In Battle to Recruit New Quants, Hedge Funds Outpay Banks
The funds are eager to attract workers with quantitative skills; some graduates say they are earning $1 million
By Rachael Levy
Dec. 29, 2019 2:00 pm ET
Hedge funds are paying top dollar to bring in new employees with quantitative skills, underscoring the desperation some funds face to bulk up their abilities around big data and algorithms.
A new survey from Baruch College’s financial engineering program found that recent graduates working at hedge funds made significantly more than their peers working at banks. Baruch’s master’s program teaches students skills like data science and financial modeling.
At hedge funds, Baruch graduates’ pay ranged from around $200,000 to more than $1 million, the survey found.
But for those alumni working at banks, pay ranged from about $100,000 to $400,000 a year.
Hedge-fund managers once reigned over the investment industry.
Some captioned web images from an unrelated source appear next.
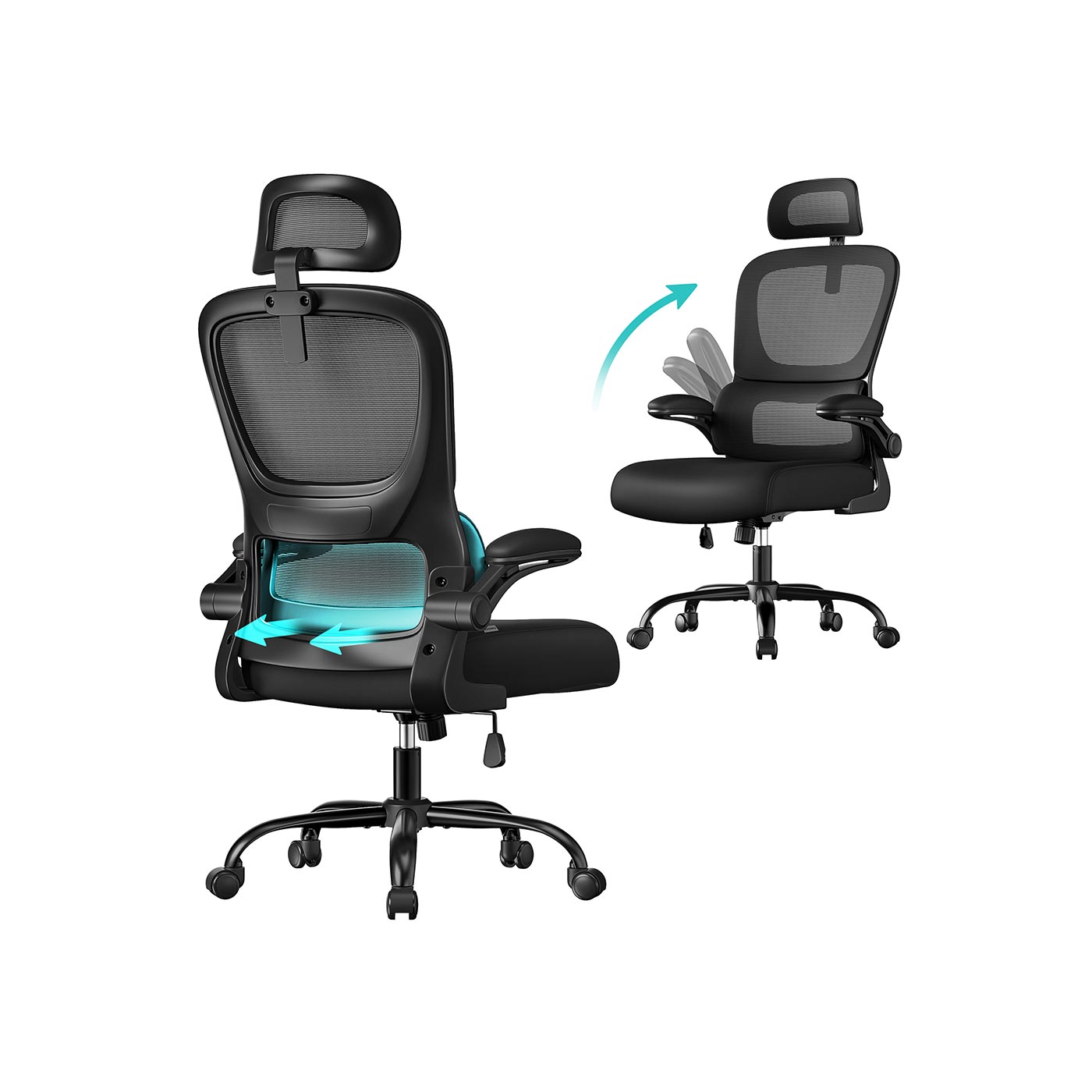 Ergonomischer Bürostuhl mit Netzgewebe und klappbaren Armlehnen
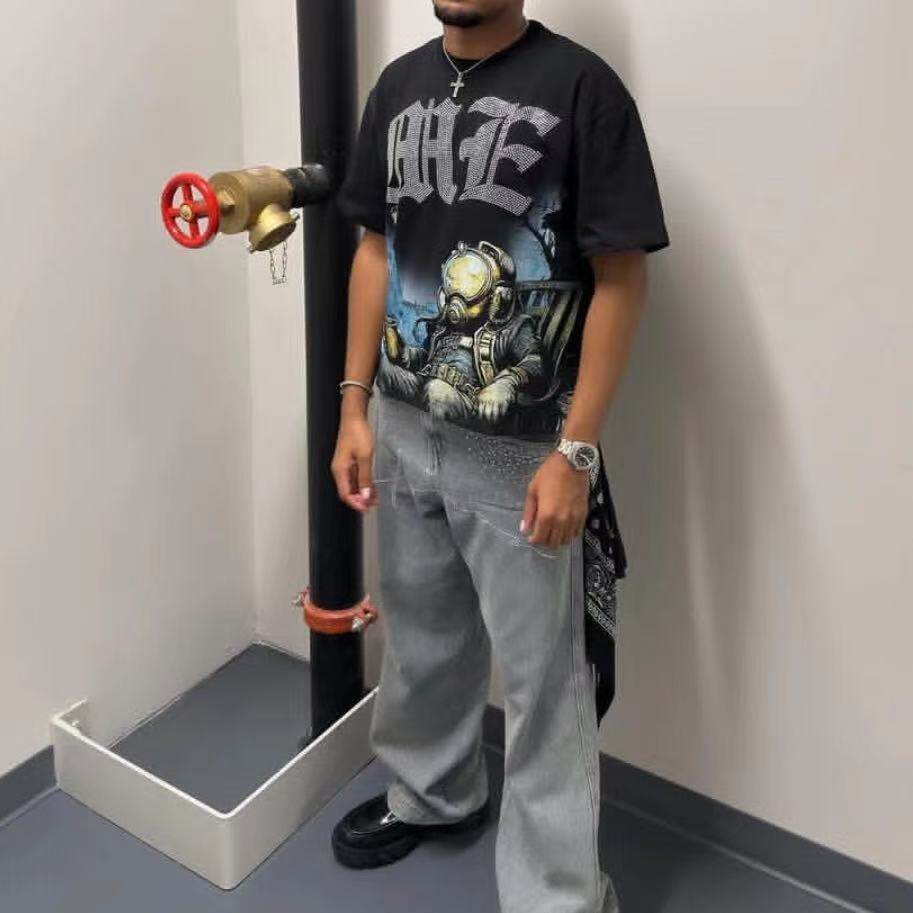 MIXED EMOTION美式高街嘻哈街头面罩人洗水做旧休闲情侣短袖T恤潮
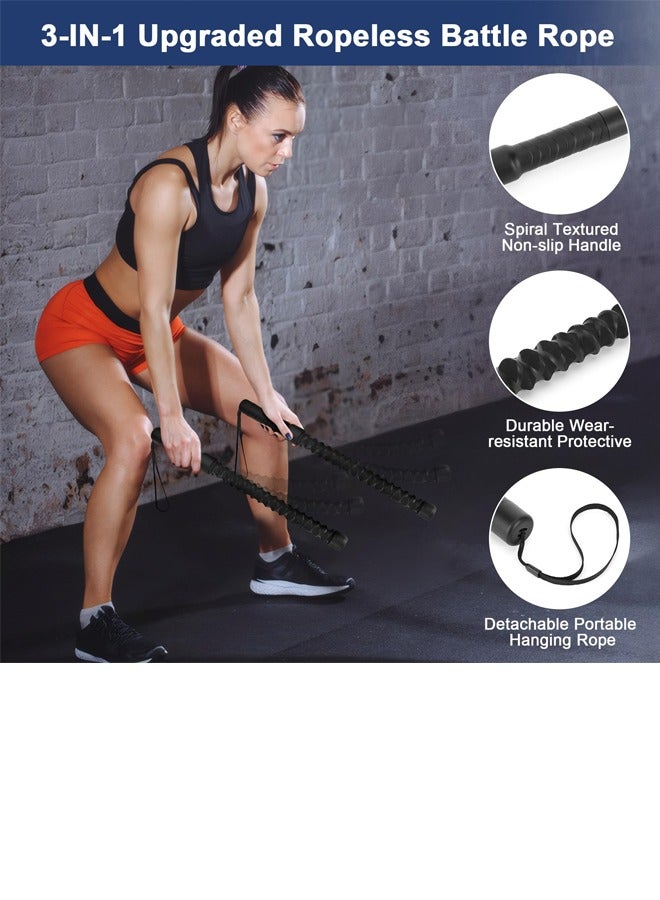 Ropeless Battle Ropes for Home Gym, Weighted Battle Rope, Black Workout Ropes for Working Out, Fitness Heavy Rope for Exercise Training Rope for Home Workout - 2PCS - Image 3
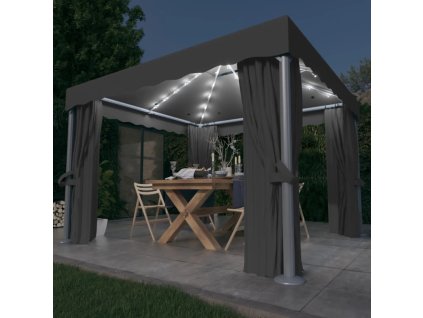 Altán se závěsy a světelnými LED řetězy 3 x 3 m antracitový 3070347
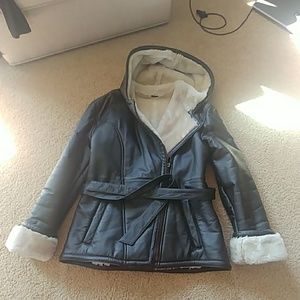 Fur lined leather jacket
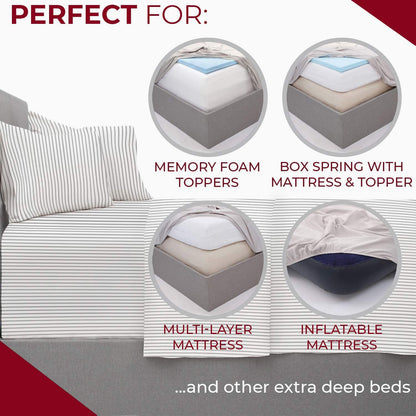 Mellanni Extra Deep Twin Sheets - 3 PC Iconic Collection Bedding - Hotel Luxury, Ultra Soft, Cooling Bed Sheets - Wrinkle, Fade, Stain Resistant (Twin, Pinstripe Gray)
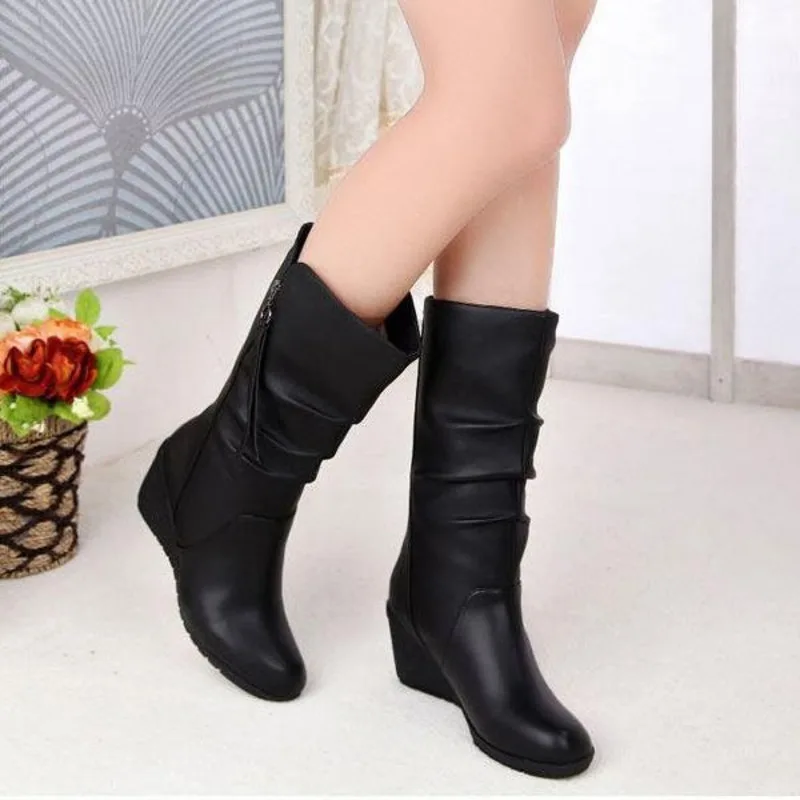 2024 herbst Winter Anti Slip Hang Ferse Frauen Boot Casual Mitte Rohr Boot Warme Schnee Boot Englisch Chelsea Boot Große Frauen schuhe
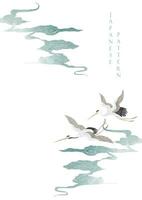 Japanese background with watercolor texture vector. Brush stroke decoration with hand drawn ocean sea elements in vintage style. Wave pattern. Crane birds element. vector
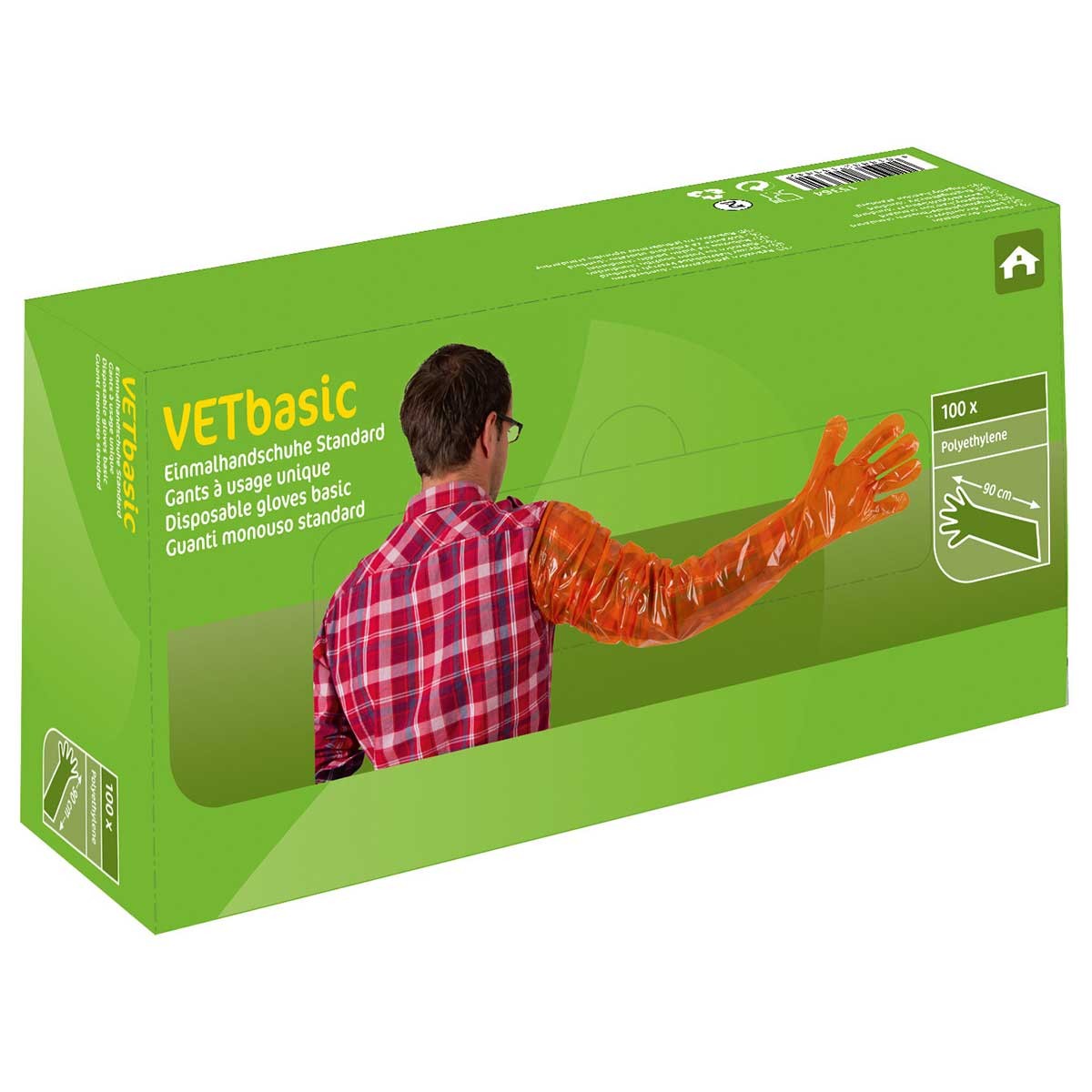 Disposable gloves VETbasic 90 cm orange 100 pcs/pack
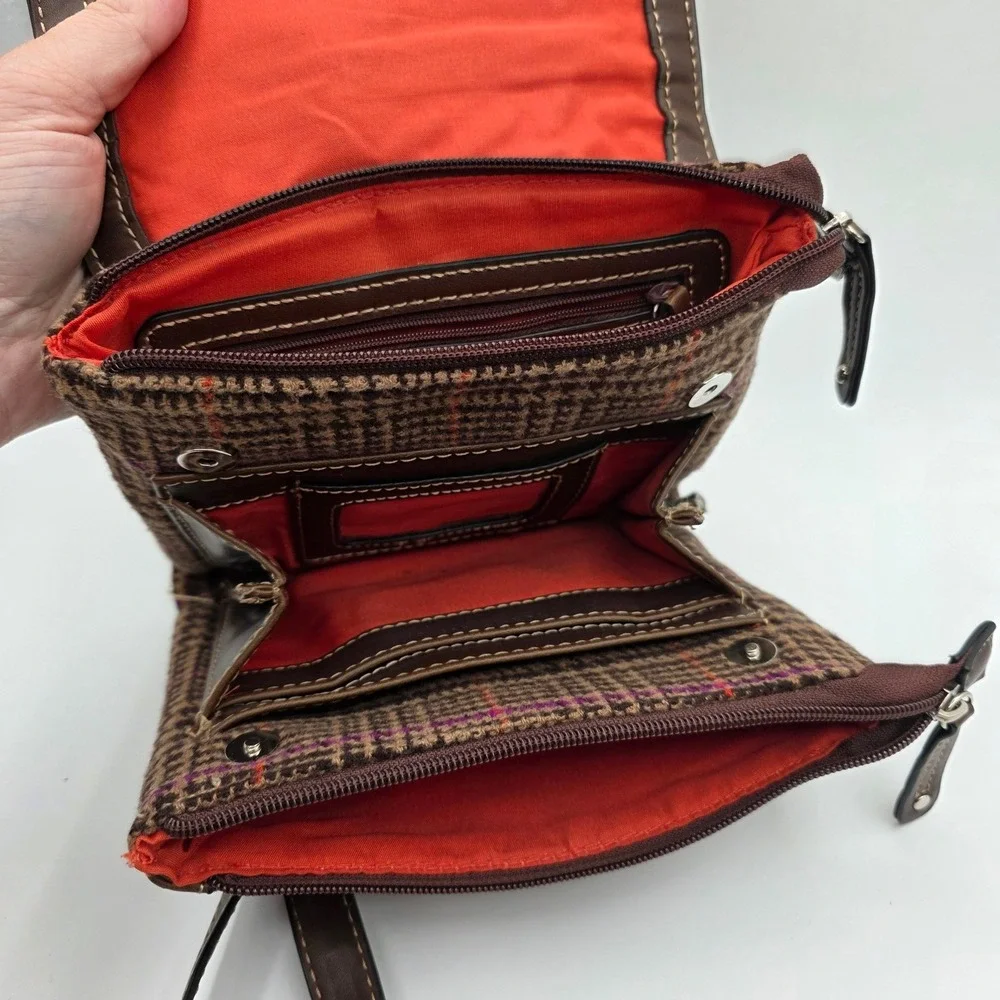 Chaps‎ Vintage Brown Houndstooth Plaid Wool Crossbody Bag Mid 2000s Messenger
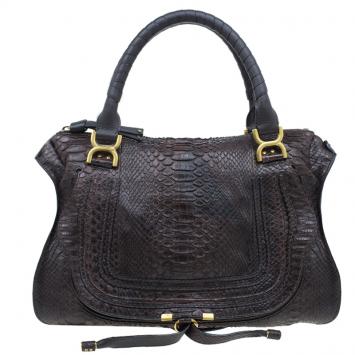 Pre Owned Chloe Brown Python Large Marcie Satchel Bag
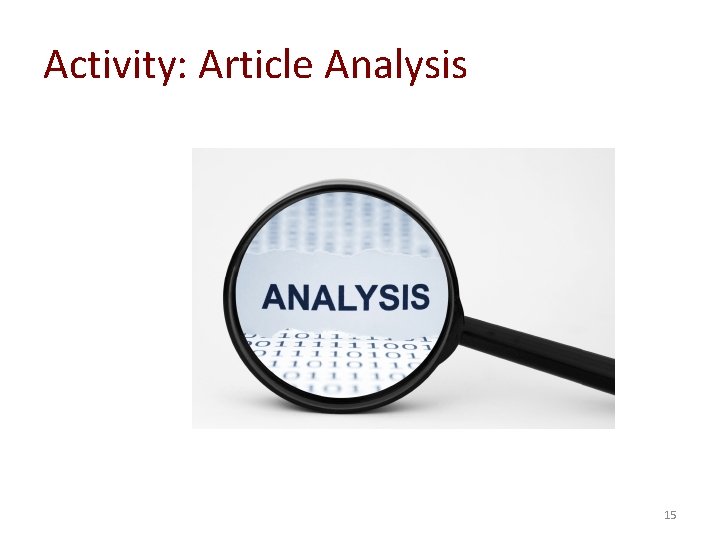 Activity: Article Analysis 15 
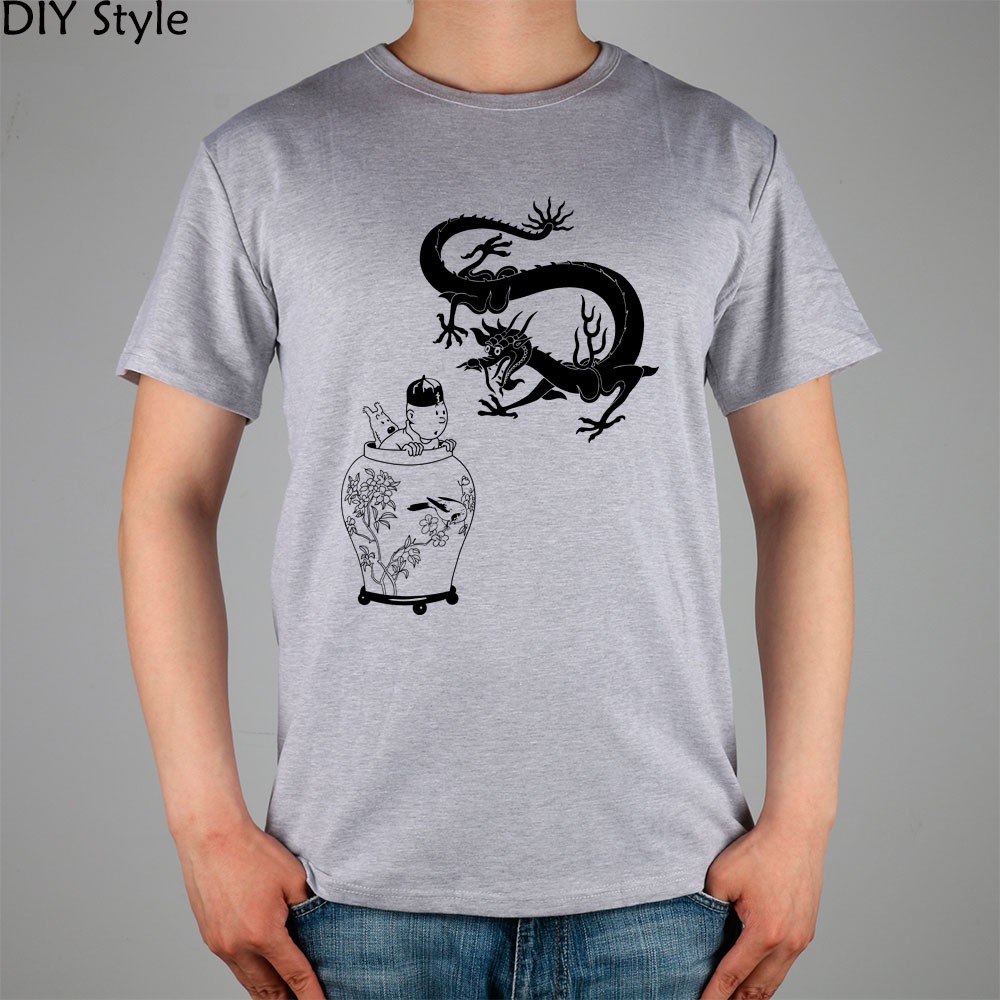 PD-TINTIN--short-sleeve-T-shirt-Top-Lycra-Cotton-Men-T-shirt-New-DIY-Style-32218211141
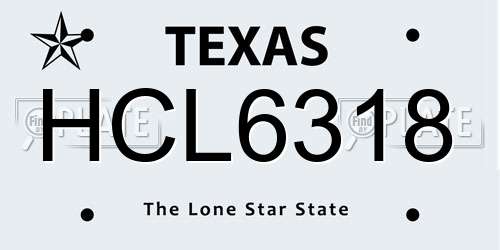 HCL6318 Texas License Plate
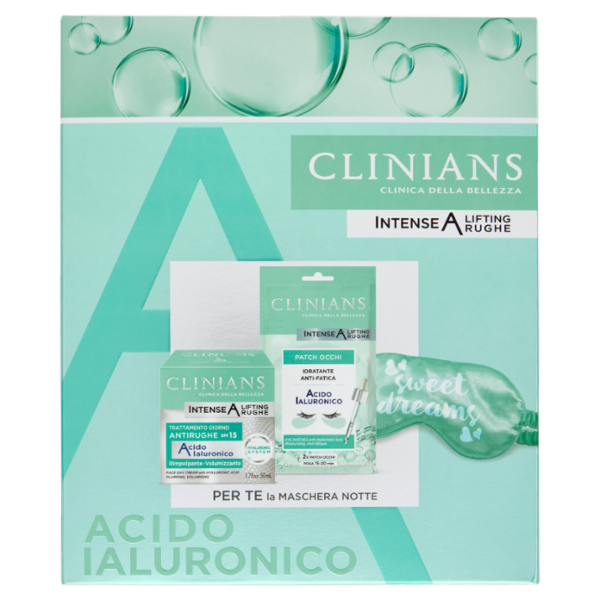 Clinians Intense A Lifting Rughe Acido Ialuronico Trattamento giorno 50 mL + Patch Occhi 3,6 g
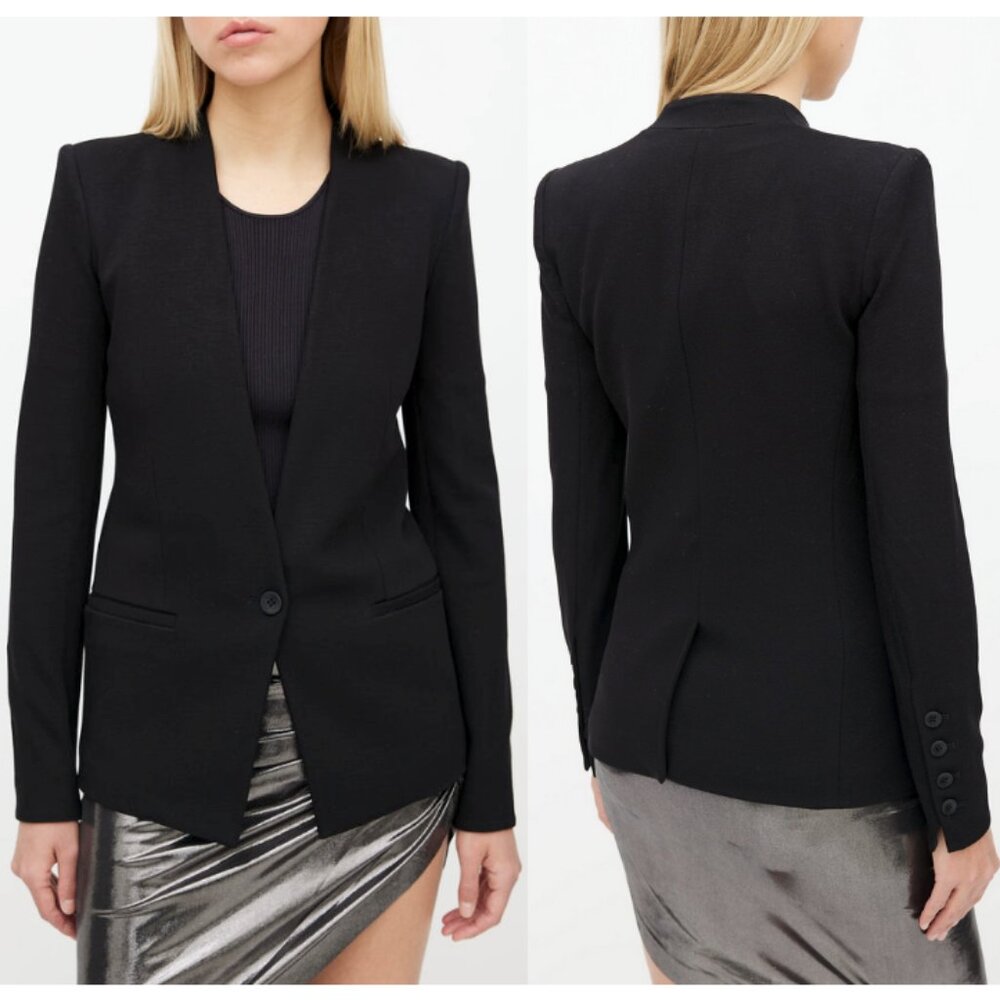 HELMUT LANG Single Button Collarless V-Neck Blazer in Black Size L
Now, many of them are floundering. In the quest to gain a new foothold, many have shifted their investment decisions from humans to computers. In turn, Wall Street recruiters say people with quantitative skills are in high demand.
In a sign of the shift, some prominent funds have tried to remake themselves. Funds have been recruiting the kind of people who can make investment decisions using code, big data and machine learning.
Two of the Baruch graduates working at hedge funds reported a compensation of $1 million or more.
“People who make that much money make a lot more money for the firm,” said Dan Stefanica, a Baruch math professor who analyzed the alumni salary data. “And if you don’t compensate them enough, they just go somewhere else.”
Hedge funds’ hunger for talent is apparent during Baruch’s recruiting sessions. During the fall semester, Wall Street firms make their pitch to students. Three years ago, the split of companies presenting was 75% banks, 25% hedge funds, said Mr. Stefanica.
Now it has flipped.
The Baruch survey also found that female graduates made less than the men, said Mr. Stefanica. Median pay was $190,000 for women and $210,000 for men, he said.
Some male graduates surveyed took home more than double the pay than any of the women. For women, pay ranged from $110,000 to $450,000; for men, $110,000 to more than $1 million, he said.
The women graduates surveyed tended to work at banks.
More than half of the women—64%—worked in banks whereas 21% worked at hedge funds or in asset management, Mr. Stefanica said.
Across the entire survey, 48% of all respondents worked at banks and 38% worked in asset management or hedge funds.
Just under a third of the Baruch survey respondents were women, he said.
Baruch surveyed 50 alumni who have been working for four to six years after studying in Baruch’s masters of financial engineering program.
Regardless of salary, the graduates reported roughly the same job satisfaction, about 8 on a scale of 10, Mr. Stefanica said. It suggests, he said, that more money doesn’t necessarily buy more happiness.